(Exercise instructions):
Exactly as written, reproduce the lines from the beginning of the data through the line containing "Smiling Middle-Aged Man"; the pictures are not reproduced.

(Brief descriptive captions)
[Start of Attachment]
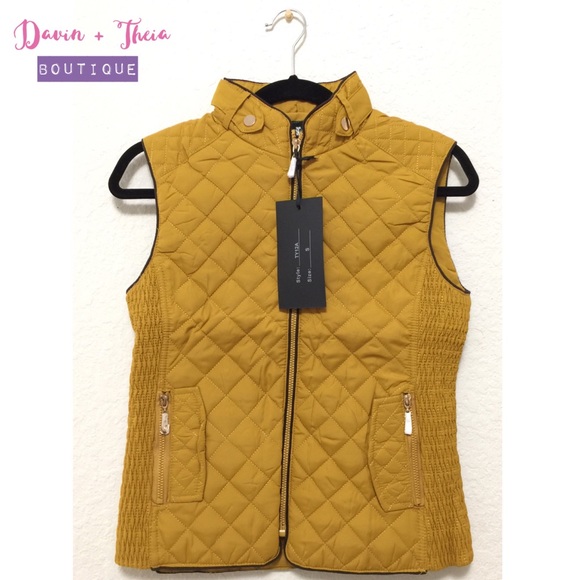 💖 Mustard Fur-Lined Quilted Vest - Picture 2 of 6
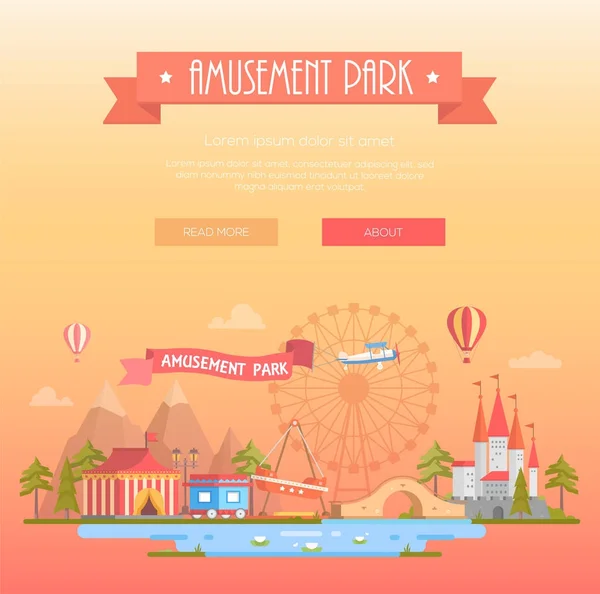 Amusement park - modern vector illustration — Stock Vector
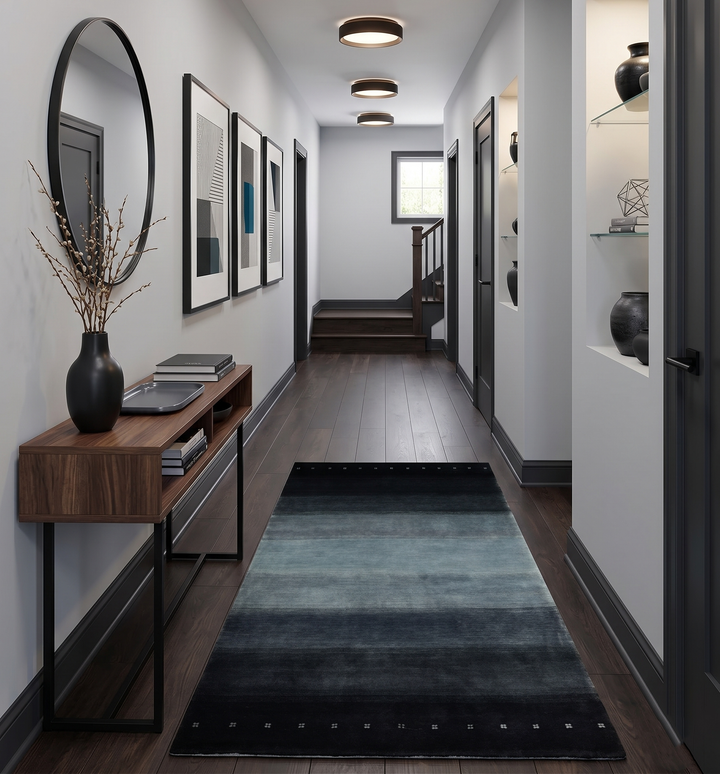 5x7 Black, Charcoal and Gray Striped Wool Hand Woven Southwestern Lori Rug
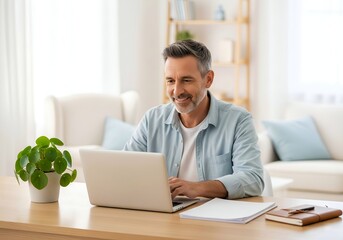 Smiling Middle-Aged Man Working on Laptop in Bright Home Office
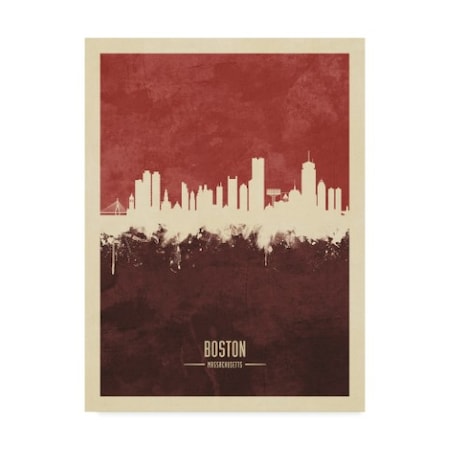 Michael Tompsett 'Boston Massachusetts Skyline Red Ii' Canvas Art,14x19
[End of Attachment]
(Answer to the exercise):
 💖 Mustard Fur-Lined Quilted Vest - Picture 2 of 6
 Amusement park - modern vector illustration — Stock Vector
 5x7 Black, Charcoal and Gray Striped Wool Hand Woven Southwestern Lori Rug
 Smiling Middle-Aged Man Working on Laptop in Bright Home Office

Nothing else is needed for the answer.